How does it take into account which was the last acknowledged stream, and that the server should wait till that streamId gets processed, before shutting down the server?

RFC https://www.rfc-editor.org/rfc/rfc7540#section-6.8 states that all "Activity on streams numbered lower or equal to the last stream identifier might still complete successfully. The sender of a GOAWAY frame might gracefully shut down a connection by sending a GOAWAY frame, maintaining the connection in an "open" state until all in-progress streams complete."

On receiving a signal for graceful shutdown, the server should have sent a GO_AWAY, and waited till the time lastStream accounted in GO_AWAY gets processed. But here, in logs it seems after receiving a graceful shutdown signal at "2023-03-30 10:35:35.579", server processes requests till streamId 1557 till "2023-03-30 10:35:35.768".
And GO_AWAY is sent at "2023-03-30 10:35:35.770" accounting lastStreamId=1565.
For requests after streamId-1557, no outbound request is processed, and server closes connection just after sending GO_AWAY.

nettytest.zip
This zip contains

  • source files
  • build.gradle
  • Executable Jar for running server application
  • Logs for graceful shutdown scenario

@violetagg violetagg removed the for/user-attention This issue needs user attention (feedback, rework, etc...) label Mar 31, 2023
@violetagg
Copy link
Member

@Sumi264 You are right we need to send GO_AWAY to notify the client to stop opening streams and then we need to keep the connection "open" until we process all streams up to the last stream id sent with GO_AWAY. Thanks a lot for the reproducible example.
Will you be able to try this PR #2758

@Sumi264
Copy link
Author

Sumi264 commented Apr 3, 2023

Sure, let me try it out @violetagg. Thanks!!

@Sumi264
Copy link
Author

Sumi264 commented Apr 5, 2023

Hi @violetagg ,
I have done initial testing and it seems to be working.
I'm further planning to test with High traffic.
I've a query as below
-> Is there a time limit till which Netty will wait for the lastStreamId to be processed? Or the wait is purely based on last StreamId processed?

Thanks!!

@violetagg
Copy link
Member

Hi @violetagg , I have done initial testing and it seems to be working. I'm further planning to test with High traffic.

That's very good. Thanks!

I've a query as below -> Is there a time limit till which Netty will wait for the lastStreamId to be processed? Or the wait is purely based on last StreamId processed?

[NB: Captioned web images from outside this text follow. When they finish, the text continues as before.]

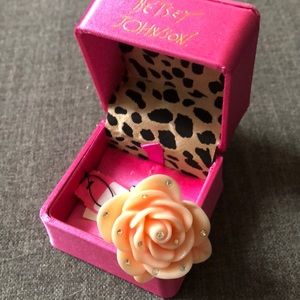 Betsey Johnson rose cocktail ring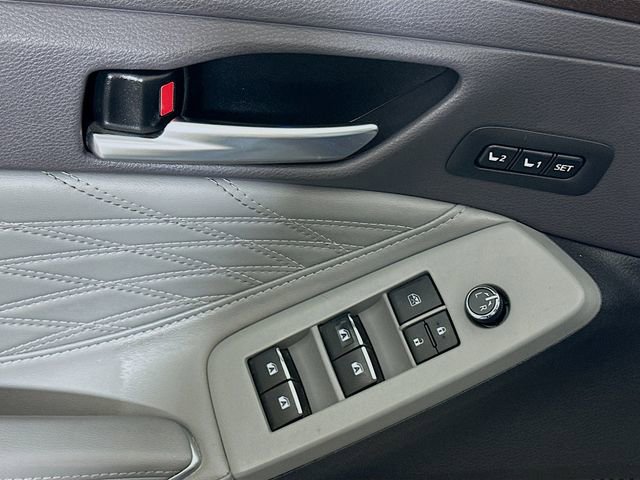 Used 2019 Toyota Avalon Limited image 19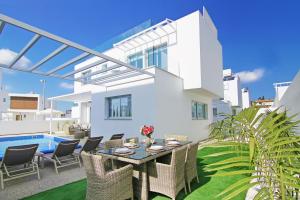 Το κτήριο όπου στεγάζεται  η βίλα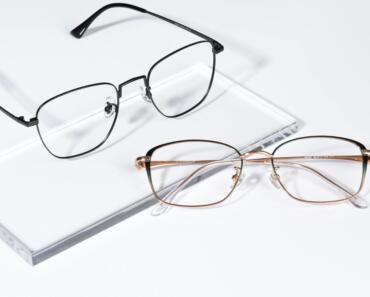 Optical Fashions: Your Guide to Eyeconic Discounts, Insurance, and Lens Options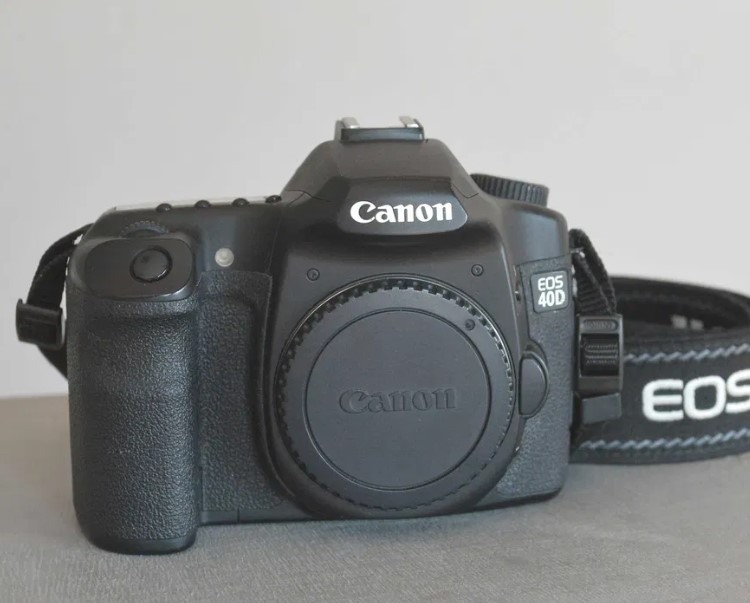 Продаю фотоапарат Canon 40D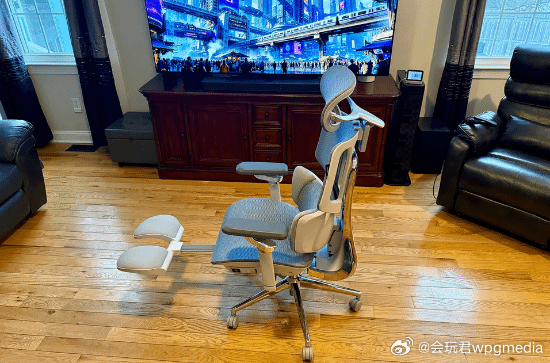 黑白调X7 IGN 8分黑白调X7是由国产人体工学椅品牌黑白调出品的新产品，IG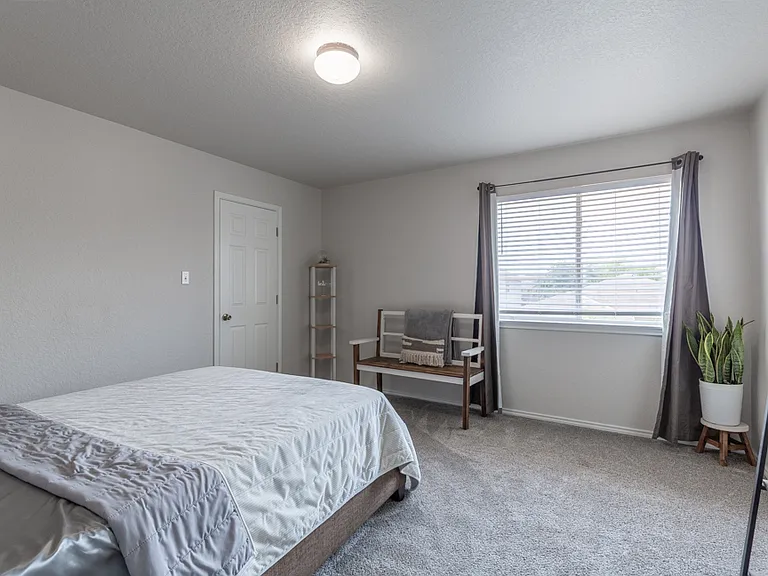 429 Sorenstam Way — Photo 29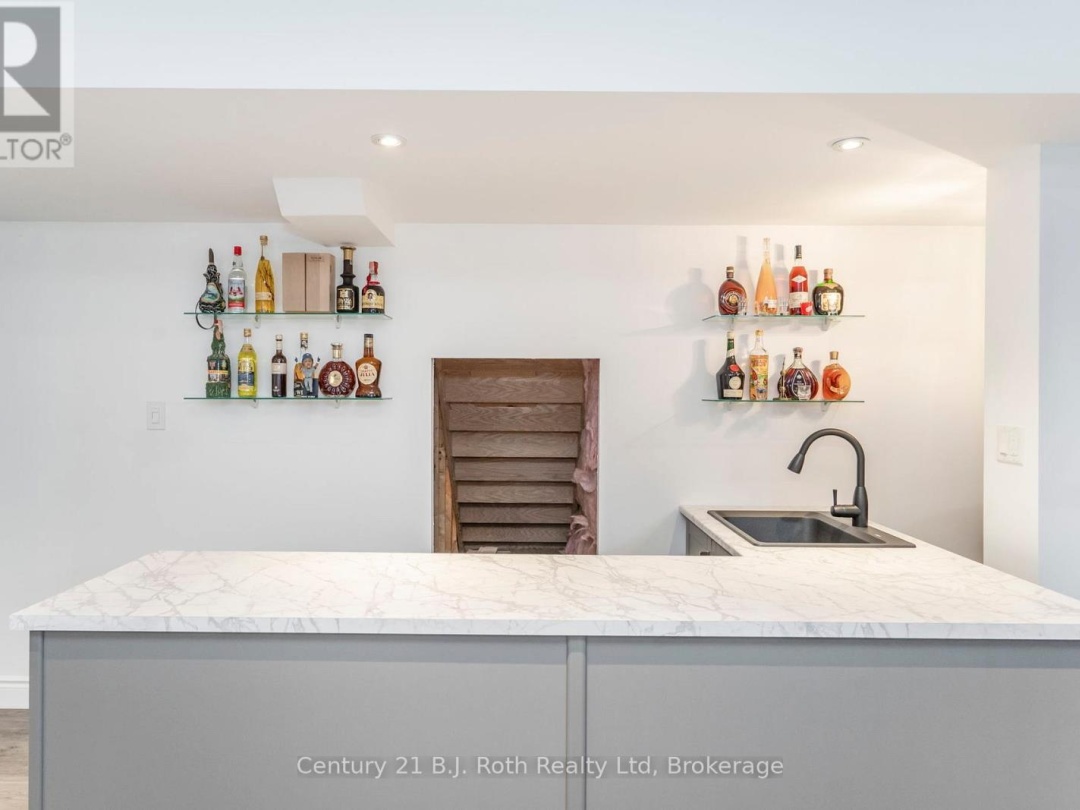 4 CHARLIE RAWSON BOULEVARD, Tay (Victoria Harbour)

The timeout that is used for disposeNow is the limit. Once reaching the timeout there will be a force close.

@Sumi264
Copy link
Author

Sumi264 commented Apr 6, 2023

Hi @violetagg
Is the timeout value being passed in disposeNow(timeout) API for graceful termination configurable?
It would be helpful if it's configurable since, in different application this graceful termination period can be configured as per the application environment's need.

I'm running this application in a k8s pod, built with springboot(as shown in the earlier attached reproducible example).
Will it be possible to provide an API in "WebServerFactoryCustomizer" to set this graceful termination period?
For example this class has an API to set the shutdwon to graceful, as shown below.
factory.setShutdown(Shutdown.GRACEFUL);

It would be nice to have any api like above where user can pass the graceful termination period in seconds.

@violetagg
Copy link
Member

@Sumi264 For questions related to Spring you should contact Spring maintainers. Quick search shows that there is such configuration already https://docs.spring.io/spring-boot/docs/current/reference/htmlsingle/#web.graceful-shutdown

@Sumi264
Copy link
Author

Sumi264 commented Apr 6, 2023

@violetagg
My question is, whether the timeout value being passed in disposeNow(timeout) API user configurable?
What is the timeout value passed in disposeNow(timeout) api?

I'm using "spring.lifecycle.timeout-per-shutdown-phase=20s" already in my application, does it mean, disposeNow(timeout) api will consider timeout as 20s?

@violetagg
Copy link
Member

I don't know the integration in Spring Boot.
https://github.com/spring-projects/spring-boot/search?q=disposeNow
Here it seems they call disposeNow with Duration.ofNanos(Long.MAX_VALUE)

@Sumi264
Copy link
Author

Sumi264 commented Apr 18, 2023

Hi @violetagg

While testing the above fix with high traffic I observed some connections are closing without a GoAway.
Sometimes the connection is closed with FIN, also sometimes a connection is closed by RST or sometimes with FIN followed by RST.
I'm attaching the logs for your reference to help me understand the reason behind this behavior.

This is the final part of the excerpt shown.